Appellant alleges that the government improperly withheld until trial a scientific report from the FBI which indicated that none of appellant’s pubic hair was found after a combing had been taken from the victim and after an examination of her bedding for hair had been made. Contending that because of this disclosure delay he was denied due process of law under the doctrine of Brady, appellant seeks a reversal and a new trial.

Brady held “that the suppression by the prosecution of evidence favorable to an accused upon request violates due process where the evidence is material either to guilt or to punishment, irrespective of the good faith or bad faith of the prosecution.” Brady v. Maryland, supra at 87, 83 S.Ct. at 1197. We note first, that the record does not disclose a defense request either specifically for results of scientific tests under Super.Ct.Crim.R. 16(a), or generally for Brady material. More importantly, the rule of Brady applies basically in three situations, each involving the discovery after trial of information which had been known to the prosecution but unknown to the defense. See United States v. Agurs, — U.S. —, 96 S.Ct. 2392, 49 L.Ed.2d 342 (1976). The record in the instant case reveals that defense counsel received the report from the government during the pretrial motion hearing on the day trial began, not after trial. If counsel felt that she had inadequate time to make use of the report, her remedy would have been to ask for a short respite, which she failed to do.

Even assuming arguendo that the timing of the defense discovery of the hair and fiber report was within the scope of Brady and that the disclosure delay amounted to an exclusion of the report from the trial, appellant was not denied a fair trial. A prosecutor has no constitutional duty routinely to deliver his entire file to defense counsel, nor can a court consistently treat every nondisclosure as though it were error.

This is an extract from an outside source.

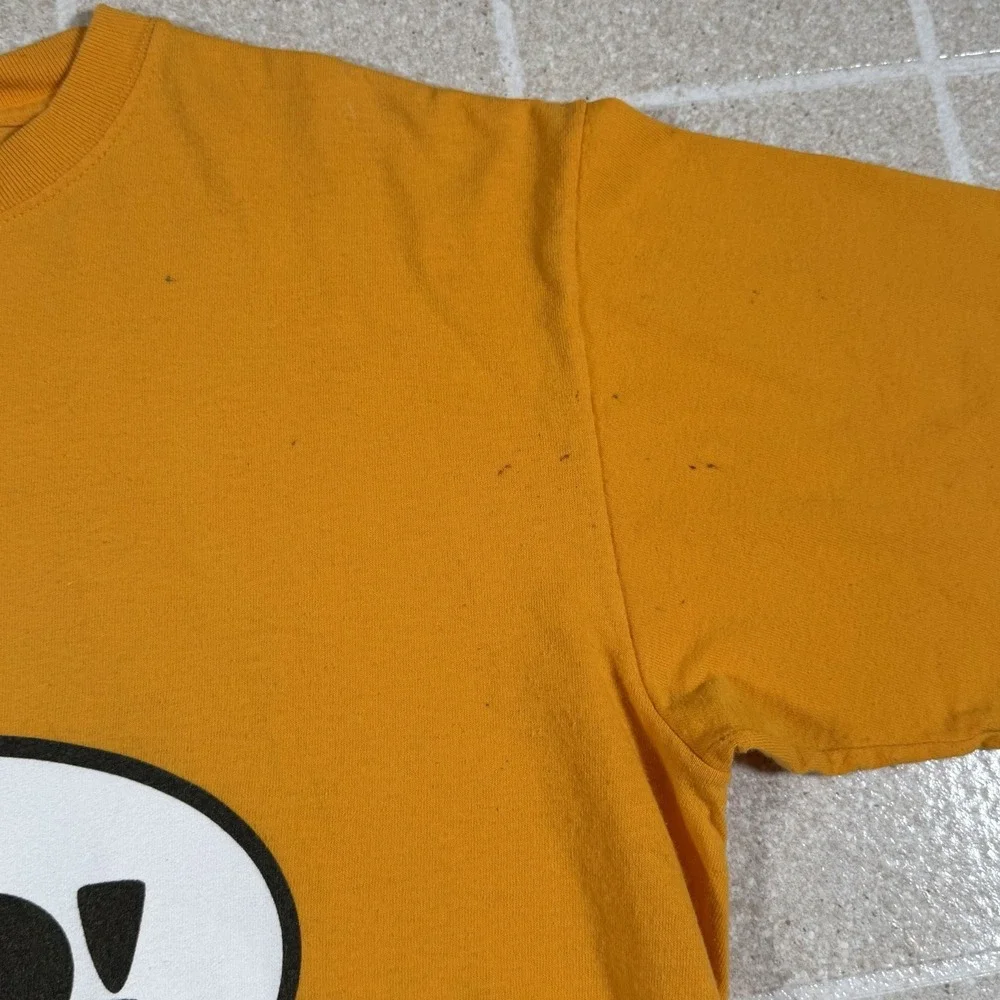 Vintage 2002 TMBG They Might Be Giants No! Concert T Shirt Sz M Ween Indie Rock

In United States v. Agurs, supra at —, 96 S.Ct. at 2401, the Court, in clarifying the rule of Brady, enunicated a standard to be applied either in advance of the trial by a prosecutor or after the trial by a judge in deciding when the prosecutor has a constitutional duty to disclose matter to the defense and what standard of materiality gives rise to that duty:

The proper standard of materiality must reflect our overriding concern with the justice of the finding of guilt. Such a finding is permissible only if supported by evidence establishing guilt beyond a reasonable doubt. It necessarily follows that if the omitted evidence creates a reasonable doubt that did not otherwise exist, constitutional error has been committed. This means that the omission must be evaluated in the context of the entire record. If there is no reasonable doubt about guilt whether or not the additional evidence is considered, there is ■ no justification for a new trial. . [Footnotes omitted.]

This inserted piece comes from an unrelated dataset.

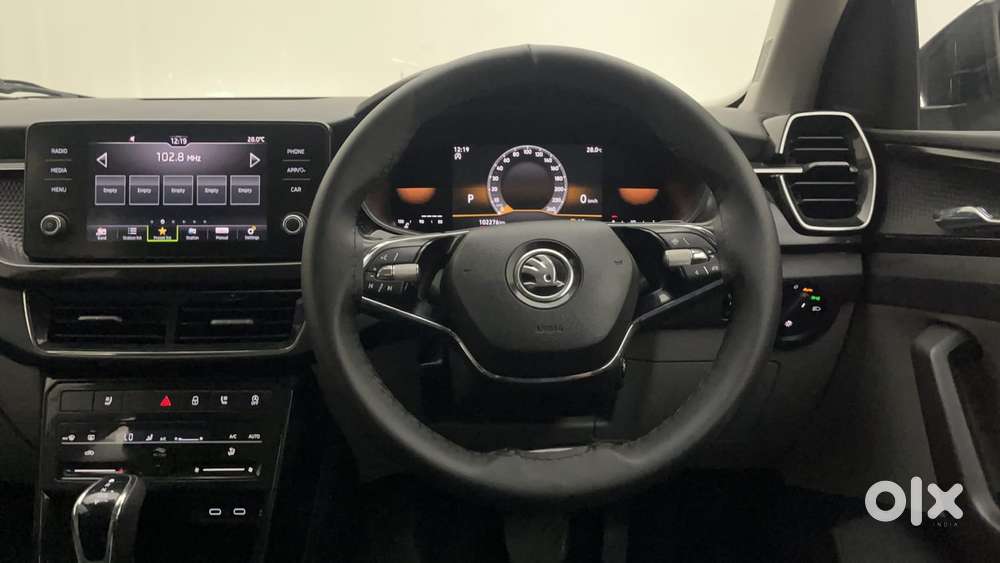 Skoda Kushaq 1.5 Tsi Style Dsg, 2022, Petrol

It would seem from the foregoing that the threshold of materiality, triggering a duty to disclose whether on request or not (id. at —, 96 S.Ct. 2392), is set at the level of creation of a reasonable doubt when the new evidence is viewed by the Court in a complete record context. While the majority did advert to the notion that “the defendant should not have to satisfy the severe burden of demonstrating that newly discovered evidence probably would have resulted in acquittal” (id. at —, 96 S.Ct. at 2401; footnote omitted), the standard of materiality as expressed by the majority remained in the language chosen despite the specific misgivings in the dissent. Id. at —, 96 S.Ct. 2392. Whether the Court meant that materiality exists only when the new evidence gives rise to a reasonable doubt, and thus entitlement to a judgment of acquittal, we need not now decide. What is clear is that from the entire record, including the report, “guilt beyond a reasonable doubt ... [is an] entirely reasonable” conclusion. Id. at —, 96 S.Ct. at 2402.

Moreover, the absence of appellant’s pubic hair at the scene is not indicative of innocence. The evidence showed that appellant had left his trousers on and simply opened his zipper to have intercourse. Thus, the presence or absence of appellant’s pubic hair on the victim’s sheet, panties, or person in this context is insignificant with respect to the contested issue —appellant’s presence on the night of the rape. There is no reasonable doubt about appellant’s guilt with or without the additional evidence and, therefore, there is no justification for reversal of his conviction on this ground.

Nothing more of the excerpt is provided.